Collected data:
━━━━━━━━━━━━━━━━━━━━

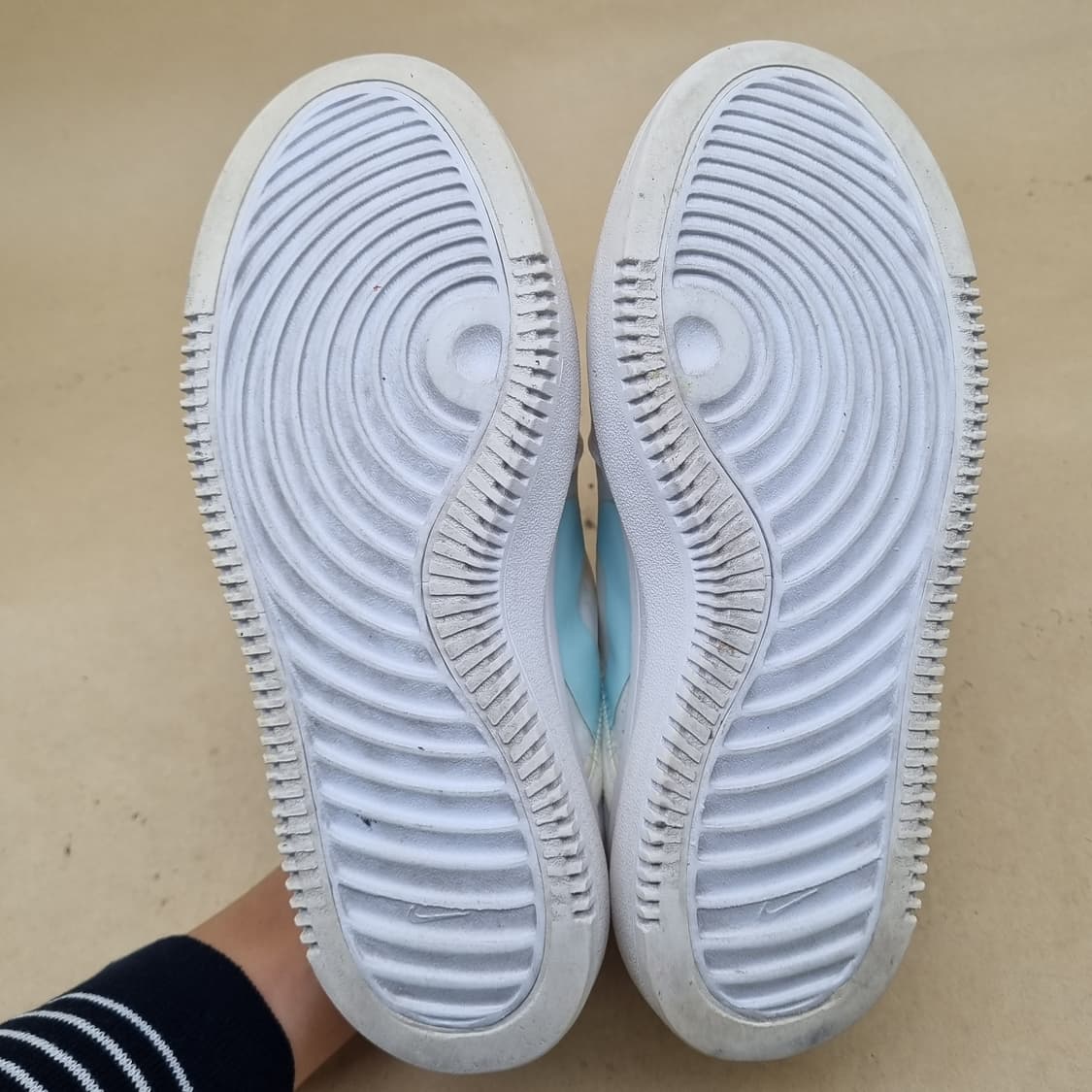 나이키 코트 비전 알타 운동화 235 상품이미지3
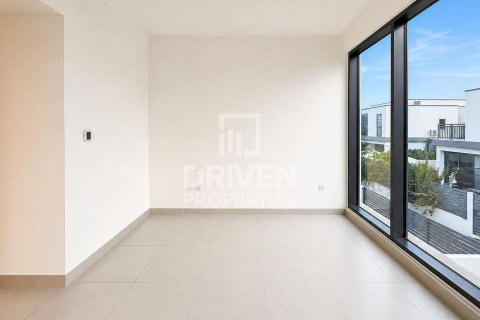 Villa in Maple at Dubai Hills Estate, Dubai Hills Estate, Dubai 4 bedrooms, 271.28 sq.m. № 141016 - photo 4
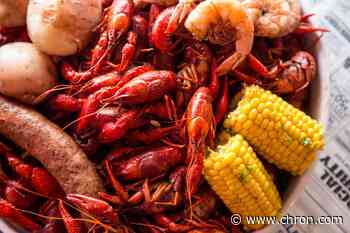 21 crawfish deals at top-rated Houston spots for the 2020 season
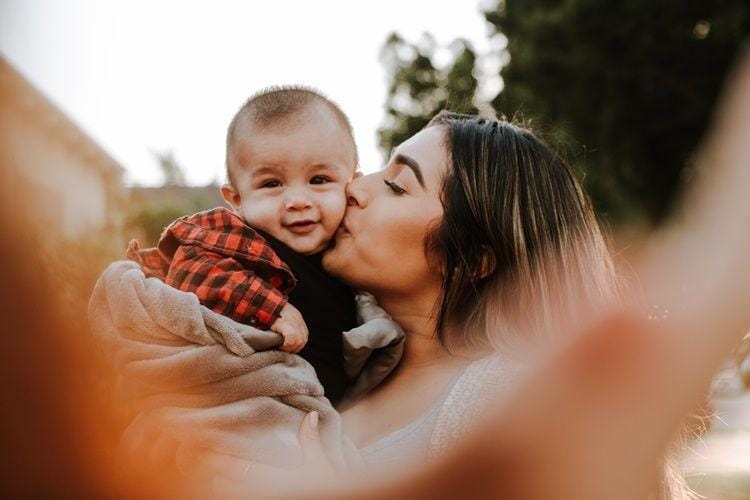 9 Arti Mimpi Gendong Bayi, Benarkah akan Dapat Keberuntungan?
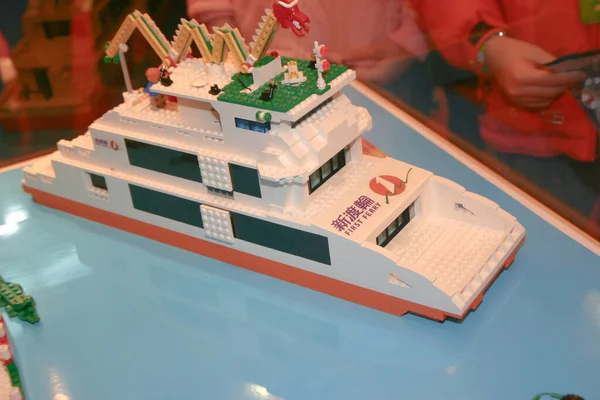 Dez 2004 Figuras Lego Exposição Cetim — Fotografia de Stock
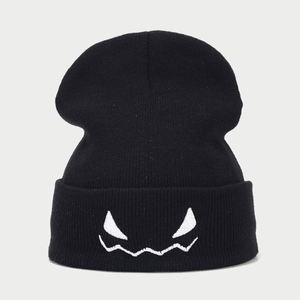 Cappello di Lana Ricamato con Zucca di Halloween e Piccolo Diavolo, Divertente Pullover in Maglia Arancione per Uomo e Donna - Product Image 3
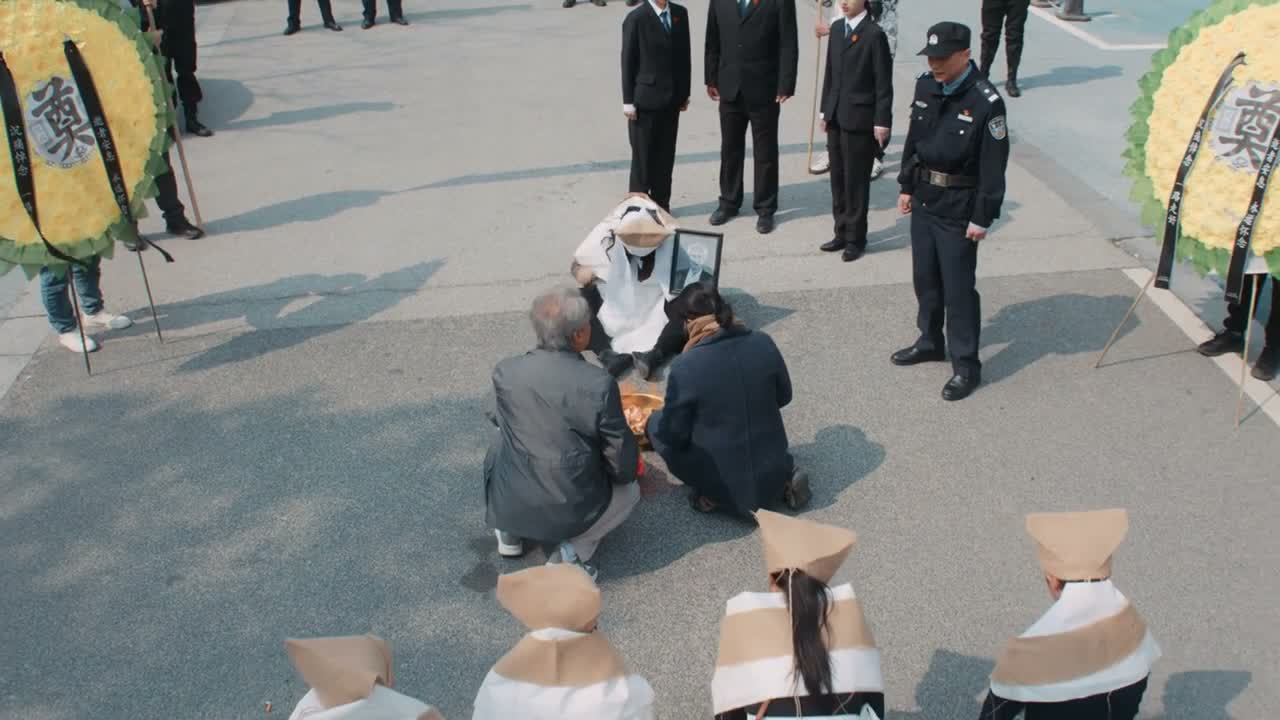 你们就是官官相护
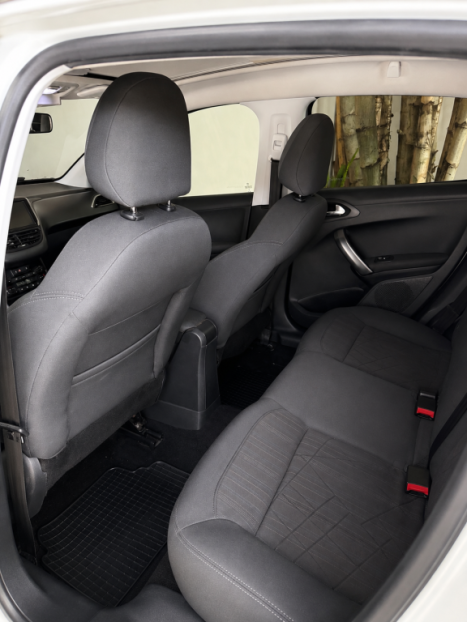 PEUGEOT 208 1.6 16V 4P FLEX GRIFFE, Foto 5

━━━━━━━━━━━━━━━━━━━━

#### EXERCISE DIRECTIONS
Each line above should be written out again exactly, and no picture should appear in the copy.

#### THE COMPLETED TASK
 나이키 코트 비전 알타 운동화 235 상품이미지3
 Villa in Maple at Dubai Hills Estate, Dubai Hills Estate, Dubai 4 bedrooms, 271.28 sq.m. № 141016 - photo 4
 21 crawfish deals at top-rated Houston spots for the 2020 season
 9 Arti Mimpi Gendong Bayi, Benarkah akan Dapat Keberuntungan?
 Dez 2004 Figuras Lego Exposição Cetim — Fotografia de Stock
 Cappello di Lana Ricamato con Zucca di Halloween e Piccolo Diavolo, Divertente Pullover in Maglia Arancione per Uomo e Donna - Product Image 3
 你们就是官官相护
 PEUGEOT 208 1.6 16V 4P FLEX GRIFFE, Foto 5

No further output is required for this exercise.